My sense is that, many people on both sides of the equation drive their arguments from an emotional standpoint, as well as sound academic and political research. They either set their gearshift in ‘fear’ mode or ‘touchy-feely’ mode. I’d like to present a few pieces of hard data that may help us sort through the emotional draw and focus on the facts. The following is based on The Global Detroit Study, a research initiative that sheds light on the role and impact foreign-born residents have on one of the most economically depressed regions of our country. The findings reveal why it may be our new immigrants who help move Detroit out of its current state of economic despair and usher it into a new age of prosperity. Key findings of the study show:
- Immigrants residing in southeast Michigan are 150 percent more likely to possess a college degree than the non-immigrant population (37 percent to 23.7 percent).

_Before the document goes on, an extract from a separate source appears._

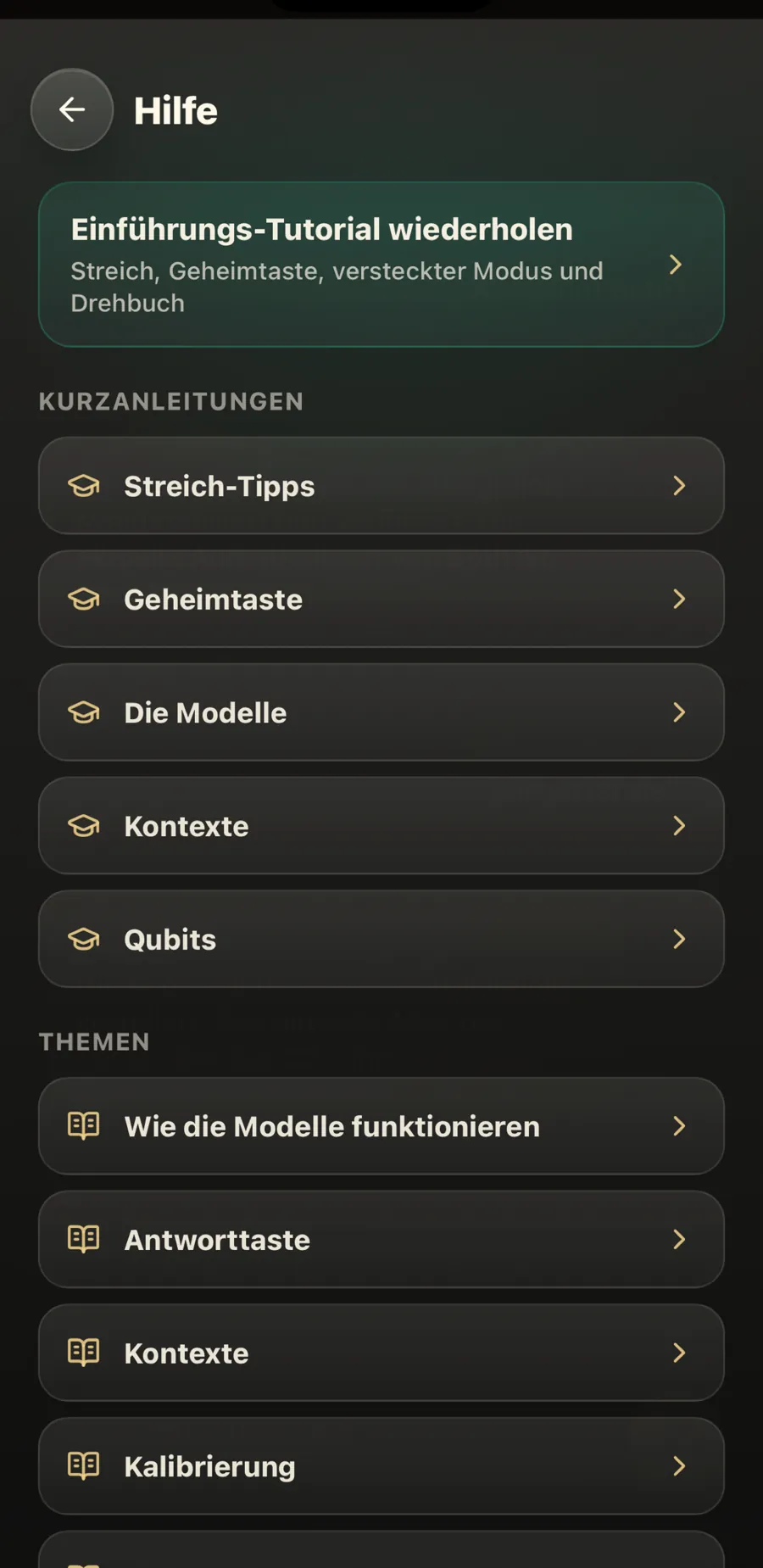 Verlauf der letzten Fragen in Quantum GPT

In addition to being educated, immigrants predominate the science, technology, engineering, and mathematics (STEM) fields that are critical to technologies, innovations, and businesses that power the New Economy jobs and firms. In fact, while the foreign born comprise only 12.5 percent of the U.S. population, they possess half of all new Ph.D.s in engineering; 45 percent of all new Ph.D.s in life sciences, physical sciences, and computer sciences; and 40 percent of all new masters degrees in computer sciences, physical sciences and engineering.

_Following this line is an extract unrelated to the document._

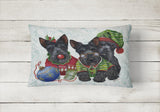 Scottish Terrier Christmas Elves Canvas Fabric Decorative Pillow PPP3270PW1216 - Precious Pet Paintings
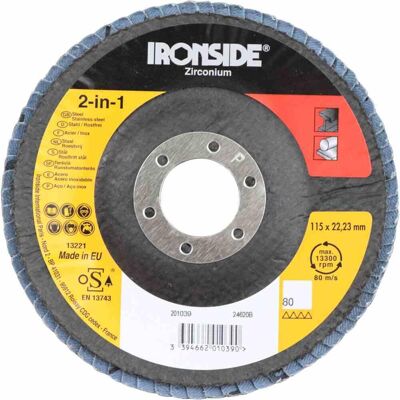 Ironside Fächerschleifscheibe Ø115 K80 Ironside Fächerschleifscheibe Ø115 K80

- The National Venture Capital Association estimates that 25 percent of all public, venture-backed firms launched in the U.S. from 1990-2005 were started by immigrants. These are the most commercially successful of all new economy firms. Similarly, Vivek Wadhwa’s work at Duke University uncovered that 25.3 percent of all high-tech startups in the U.S. from 1995-2005 had at least one immigrant founder.
- Throughout urban American, immigrants have played a critical role in stabilizing neighborhoods and bringing population growth to central cities that haven’t seen growth since the first half of the Twentieth Century. Immigrant entrepreneurs have shown an innate ability to provide commercial retail services in core city neighborhoods that are in desperate need of jobs, retail offerings, and investment. Ethnic enclaves in central cities are often characterized by lower crime rates, reduction in blight, increasing property values, and new energy.
With the next round of elections about to unfold, the immigration debate will surely get louder and hotter. I’d like to encourage all of us to remember to look at the data when assessing how we can continue to create a prosperous, diverse, and noble America.